What to work on — Look for "Xiaolongbao al vapore 6 pezzi" in the entries below. Then write out exactly the line that holds it and every line after it, to the last, and nothing else.

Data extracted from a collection
>>>

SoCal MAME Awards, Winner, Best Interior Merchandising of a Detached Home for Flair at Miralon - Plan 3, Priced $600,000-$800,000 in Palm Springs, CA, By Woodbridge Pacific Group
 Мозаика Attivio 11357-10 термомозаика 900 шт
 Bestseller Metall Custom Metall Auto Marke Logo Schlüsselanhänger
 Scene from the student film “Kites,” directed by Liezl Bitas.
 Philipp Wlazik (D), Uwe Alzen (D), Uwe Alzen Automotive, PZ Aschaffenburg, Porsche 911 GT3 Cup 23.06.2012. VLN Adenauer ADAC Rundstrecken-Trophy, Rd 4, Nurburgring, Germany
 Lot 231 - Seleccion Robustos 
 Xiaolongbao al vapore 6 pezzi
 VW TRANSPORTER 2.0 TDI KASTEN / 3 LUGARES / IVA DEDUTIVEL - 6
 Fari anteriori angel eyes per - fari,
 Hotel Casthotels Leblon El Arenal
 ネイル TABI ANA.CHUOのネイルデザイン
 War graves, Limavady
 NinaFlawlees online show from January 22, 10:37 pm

<<<

Task response —
 Xiaolongbao al vapore 6 pezzi
 VW TRANSPORTER 2.0 TDI KASTEN / 3 LUGARES / IVA DEDUTIVEL - 6
 Fari anteriori angel eyes per - fari,
 Hotel Casthotels Leblon El Arenal
 ネイル TABI ANA.CHUOのネイルデザイン
 War graves, Limavady
 NinaFlawlees online show from January 22, 10:37 pm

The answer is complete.